Not surprising, since for most of my teen years, it seemed that black people had nothing to do with me, either, nor I with them; the town I grew up is literally divided into “good” and “bad” sides by a set of railroad tracks. From kindergarten through the twelfth grade, I went to the local white-flight seg academy—founded, of course, about 1971 or so. Our mascot was the Rebels, as it was for several of the other schools in our athletic conference. The year we went to the state championship saw a record five Rebels v. Rebels Friday-Night match-ups. Mississippi’s history was not much dealt with, even, or perhaps especially, in Mississippi History class, which was taught by the most assistant of assistant coaches, who spent most of his time recovering from his hangovers and engaging in red-faced-rage-then-wet-faced-sorrow homoerotic shouting matches with our star football player.
So I never heard the names Emmett Till, Medgar Evers, James Cheney. In retrospect, that’s probably a good thing, because who knows what poisonous stuff I would have heard about them? I recall another history teacher, whose degree was, I believe, from Rush Limbaugh Tech, opining that a slave-owner would never beat his slaves, because, think about it, you wouldn’t go out an slash the tires on your tractor, would you? What’s horrifying, of course, is not that he said this, but that we all wrote it down dutifully in our little spiral-ring notebooks.
And I’d like to be able to argue, “Well, sure, the school was founded on segregation, maybe, but it’s grown beyond that, now, of course.” But then I think of this conversation between my brother and oldest sister a few years ago… (the usual euphemisms apply here):
Sister: …and like it or not, they’re never gonna let in any Jim Nabors to this school, it’s just a fact.Brother: Well, but if they were a real good football player—
Sister: Nuh-uh, not never.
Brother: Well naw, but I’m just saying, if one was real fast…
I don’t want to bash the school too much—I had good teachers who worked hard and had a good high school experience overall once my acne cleared up—or to over-extrapolate from this very limited sample. But I suspect that a whole class and generation of Southern white kids had very similar experiences—perhaps continue to have them.
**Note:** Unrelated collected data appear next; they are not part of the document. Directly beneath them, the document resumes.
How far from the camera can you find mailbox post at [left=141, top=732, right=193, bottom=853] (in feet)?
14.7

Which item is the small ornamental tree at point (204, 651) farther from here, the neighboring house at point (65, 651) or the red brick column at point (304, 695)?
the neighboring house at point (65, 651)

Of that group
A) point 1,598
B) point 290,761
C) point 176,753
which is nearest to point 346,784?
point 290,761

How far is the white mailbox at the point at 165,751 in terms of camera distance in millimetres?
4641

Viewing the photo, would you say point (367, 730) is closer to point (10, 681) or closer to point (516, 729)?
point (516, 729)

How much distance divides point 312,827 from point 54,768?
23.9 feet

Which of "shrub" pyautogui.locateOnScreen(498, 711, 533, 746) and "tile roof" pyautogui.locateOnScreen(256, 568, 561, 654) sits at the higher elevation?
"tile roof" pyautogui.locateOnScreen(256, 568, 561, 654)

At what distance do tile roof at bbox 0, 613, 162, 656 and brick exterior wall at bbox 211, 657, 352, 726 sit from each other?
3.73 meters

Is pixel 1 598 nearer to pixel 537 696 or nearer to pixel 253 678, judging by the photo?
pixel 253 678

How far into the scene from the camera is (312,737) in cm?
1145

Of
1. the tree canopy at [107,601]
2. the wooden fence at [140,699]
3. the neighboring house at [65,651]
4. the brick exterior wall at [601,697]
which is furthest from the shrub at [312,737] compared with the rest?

So, with Mississippi history either wholly omitted, grotesquely mis-represented, or perversely reduced to a funhouse-mirror version of itself—consider the radical unmooring of signifiers from signified evident in the “Rebels” facing the “Rebels” on the gridiron battlefield week after week—it’s no surprise that lots of us thought that race was something that happened somewhere else, somewhen else.
Listening to Johnny Cash one day a few years ago, I was suddenly struck by how fatuous and annoying the persona speaking in “Hey Porter” must have seemed to the porter he was repeatedly accosting. The chances are pretty good, after all, that the porter is black, and the catalog of idyllic Southern images that Johnny is so exuberantly shouting at him probably don’t resonate for him in quite the same way that they do for JC. And it’s not just the images that Cash is invoking in and of themselves—it’s the assumption that every soul on the train shares his joy and excitement, shares his particular perspective on the South. Or if not does share, then should share: there’s something faintly coercive in Cash’s order to “ask everybody that ain’t asleep to stand right up and yell” when they arrive in Tennessee, as though he recognizes that some folks may need a little nudge towards jubilation, may need a little laminated card printed with the lyrics to “Dixie.”
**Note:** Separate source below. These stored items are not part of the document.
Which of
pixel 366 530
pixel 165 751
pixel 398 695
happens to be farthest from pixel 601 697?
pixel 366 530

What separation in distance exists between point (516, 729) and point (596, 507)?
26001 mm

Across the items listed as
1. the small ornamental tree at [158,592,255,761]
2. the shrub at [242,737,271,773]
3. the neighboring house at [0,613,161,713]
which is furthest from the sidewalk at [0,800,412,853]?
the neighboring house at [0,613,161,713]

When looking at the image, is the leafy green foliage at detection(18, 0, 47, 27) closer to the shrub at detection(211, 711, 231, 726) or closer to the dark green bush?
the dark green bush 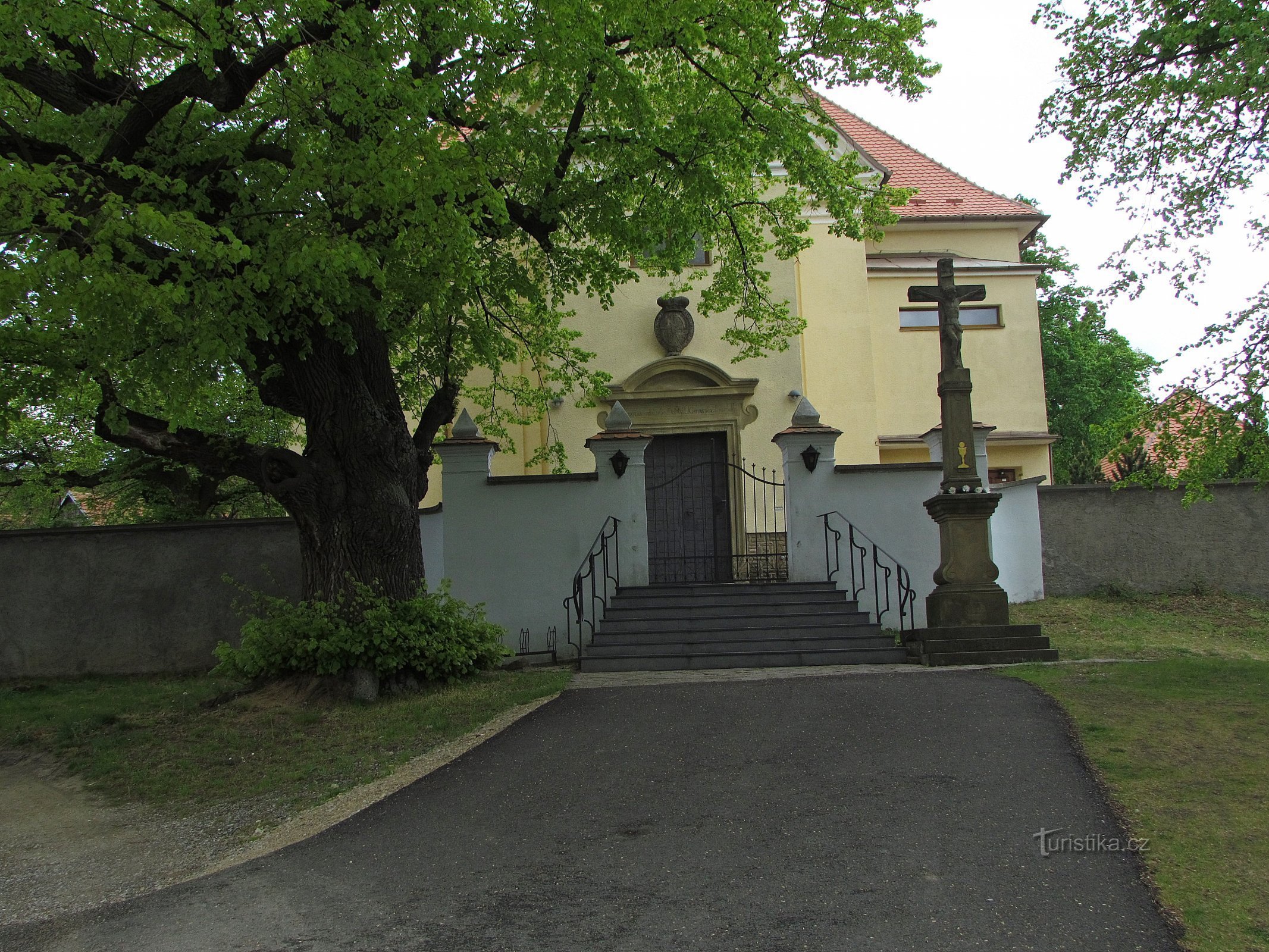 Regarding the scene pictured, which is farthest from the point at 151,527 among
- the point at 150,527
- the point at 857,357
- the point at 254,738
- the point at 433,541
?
the point at 857,357

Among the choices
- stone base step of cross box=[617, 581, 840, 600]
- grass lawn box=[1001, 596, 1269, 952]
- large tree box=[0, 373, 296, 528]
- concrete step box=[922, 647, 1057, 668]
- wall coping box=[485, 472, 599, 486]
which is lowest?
grass lawn box=[1001, 596, 1269, 952]

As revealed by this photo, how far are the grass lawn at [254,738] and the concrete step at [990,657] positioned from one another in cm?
407

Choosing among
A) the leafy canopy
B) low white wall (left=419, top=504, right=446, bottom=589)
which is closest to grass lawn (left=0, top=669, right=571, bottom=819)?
the leafy canopy

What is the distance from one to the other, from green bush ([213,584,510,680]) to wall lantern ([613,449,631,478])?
4.03 meters

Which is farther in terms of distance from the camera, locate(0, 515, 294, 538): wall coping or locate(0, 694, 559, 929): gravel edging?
locate(0, 515, 294, 538): wall coping

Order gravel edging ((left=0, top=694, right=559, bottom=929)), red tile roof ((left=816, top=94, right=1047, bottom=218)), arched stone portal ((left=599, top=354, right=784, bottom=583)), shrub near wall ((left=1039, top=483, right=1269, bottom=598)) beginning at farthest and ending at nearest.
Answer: red tile roof ((left=816, top=94, right=1047, bottom=218))
arched stone portal ((left=599, top=354, right=784, bottom=583))
shrub near wall ((left=1039, top=483, right=1269, bottom=598))
gravel edging ((left=0, top=694, right=559, bottom=929))

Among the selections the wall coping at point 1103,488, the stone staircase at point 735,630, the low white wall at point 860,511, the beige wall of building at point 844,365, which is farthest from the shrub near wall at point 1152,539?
the stone staircase at point 735,630

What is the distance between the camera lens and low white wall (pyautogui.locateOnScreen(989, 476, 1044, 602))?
15164mm

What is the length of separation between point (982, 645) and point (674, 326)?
802cm

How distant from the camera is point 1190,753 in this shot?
6.40 m

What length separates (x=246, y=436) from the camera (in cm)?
1695

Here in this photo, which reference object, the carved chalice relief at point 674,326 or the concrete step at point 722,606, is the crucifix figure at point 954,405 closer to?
the concrete step at point 722,606

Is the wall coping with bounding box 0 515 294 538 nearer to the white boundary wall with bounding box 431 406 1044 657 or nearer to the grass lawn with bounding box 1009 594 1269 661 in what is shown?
the white boundary wall with bounding box 431 406 1044 657

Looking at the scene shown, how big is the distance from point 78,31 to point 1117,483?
9830mm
The consequence of my sort of high school education was the production of this myopic mind-set, this blithe assumption that everyone loves the South, and there may have been some problems, yeah, but not now, probably, or if there are, they’re just the bad element. Even when Southern history was happening right in my face, I didn’t really see myself as a part of it. When I was in tenth grade, I guess, there was an altercation at a local convenience store. I still don’t know the truth of it—the store-owner, a white guy, may or may not have maced an African American woman, who may or may not have gotten violent when he refused to sell her cigarettes. Anyway, for months a largely—well, entirely—African American group of protestors set up shop across the street from the store and picketed. But, you know, it was the only store in town that had Street Fighter II, so I and my friends continued to go, not out of any feeling of solidarity with the store-owner, not to spite to protestors, but just because it never occurred to us that what was happening might have anything to do with us. We might have known the dictionary definition of “complicity,” but we certainly didn’t understand what it looked like in practice. Only a street’s-width separated us from the protestors, but it was more like they were inhabiting a parallel reality that had crossed over into ours for a while.
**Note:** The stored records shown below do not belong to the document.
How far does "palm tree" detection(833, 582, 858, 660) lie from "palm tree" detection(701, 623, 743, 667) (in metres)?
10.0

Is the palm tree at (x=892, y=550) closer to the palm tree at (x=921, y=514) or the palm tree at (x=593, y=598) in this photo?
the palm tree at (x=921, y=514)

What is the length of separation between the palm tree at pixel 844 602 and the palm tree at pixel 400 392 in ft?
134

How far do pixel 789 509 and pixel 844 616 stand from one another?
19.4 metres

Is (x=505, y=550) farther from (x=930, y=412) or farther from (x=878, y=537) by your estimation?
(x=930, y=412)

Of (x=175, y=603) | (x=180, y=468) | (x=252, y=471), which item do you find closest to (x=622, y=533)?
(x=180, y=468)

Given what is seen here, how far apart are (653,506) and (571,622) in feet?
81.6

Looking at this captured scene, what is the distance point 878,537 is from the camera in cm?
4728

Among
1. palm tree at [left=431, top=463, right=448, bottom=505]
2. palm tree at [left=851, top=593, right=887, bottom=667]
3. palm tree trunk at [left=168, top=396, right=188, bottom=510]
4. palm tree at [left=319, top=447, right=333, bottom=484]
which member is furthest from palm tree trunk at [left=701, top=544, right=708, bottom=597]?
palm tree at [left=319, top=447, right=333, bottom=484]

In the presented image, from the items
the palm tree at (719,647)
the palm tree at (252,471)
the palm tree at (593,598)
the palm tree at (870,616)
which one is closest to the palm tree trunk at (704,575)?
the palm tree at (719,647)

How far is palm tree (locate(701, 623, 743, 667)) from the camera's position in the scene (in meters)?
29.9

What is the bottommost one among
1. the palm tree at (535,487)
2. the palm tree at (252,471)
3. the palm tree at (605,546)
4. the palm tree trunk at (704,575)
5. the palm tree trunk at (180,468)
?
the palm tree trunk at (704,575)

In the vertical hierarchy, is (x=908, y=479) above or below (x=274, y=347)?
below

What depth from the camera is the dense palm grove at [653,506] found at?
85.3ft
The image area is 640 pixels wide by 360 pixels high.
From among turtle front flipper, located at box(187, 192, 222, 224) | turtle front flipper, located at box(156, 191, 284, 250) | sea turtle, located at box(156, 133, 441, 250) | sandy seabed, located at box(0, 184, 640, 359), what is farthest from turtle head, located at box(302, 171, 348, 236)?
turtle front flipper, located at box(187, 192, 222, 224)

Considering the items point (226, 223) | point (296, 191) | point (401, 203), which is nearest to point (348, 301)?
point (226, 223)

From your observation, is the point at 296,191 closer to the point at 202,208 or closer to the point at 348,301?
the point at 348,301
I’m embarassed to say that my undergrad experience didn’t do much to shake me out of my complacency. Sure, by that point I’d finally learned some Mississippi history, finally read some Faulkner, but there still seemed to be a vast chasm separating the South I lived in from the South I read about in novels and history books—I mean, I had a computer, after all! One of the reasons I’ll always love the work of Walker Percy is because of the way that it revealed the persistence of the “old” South in the “new,” the ways in which the structures and systems that I thought were gone had just taken on new shapes. I read The Last Gentleman in grad school; it chronicles the return of a young Mississippi man, Will Barrett, the scion of a prominent plantation family, from his self-imposed exile in New York. When he makes it back, he finds that
The South he came home to was different from the South he had left. It was happy, victorious, Christian, rich, patriotic, and Republican…. The happiness of the South was very formidable. It was an almost invincible happiness. It defied you to call it anything else. Everyone was in fact happy. The women were beautiful and charming. The men were healthy and successful; they knew how to tell stories. They had everything the North had and more. They had a history, they had a place redolent with memories, they had good conversation, they believed in God and defended the Constitution, and they were getting rich in the bargain.
But Will finds that what appears to be a dramatic shift in the nature of the South—the Vaughts, the family that he travels with, own a car dealership and live in a purple-bricked house on a golf links, not a gothic plantation—is only superficial, and this book and the next, Love in the Ruins, are both very much about the persistence of the plantation in the suburbs.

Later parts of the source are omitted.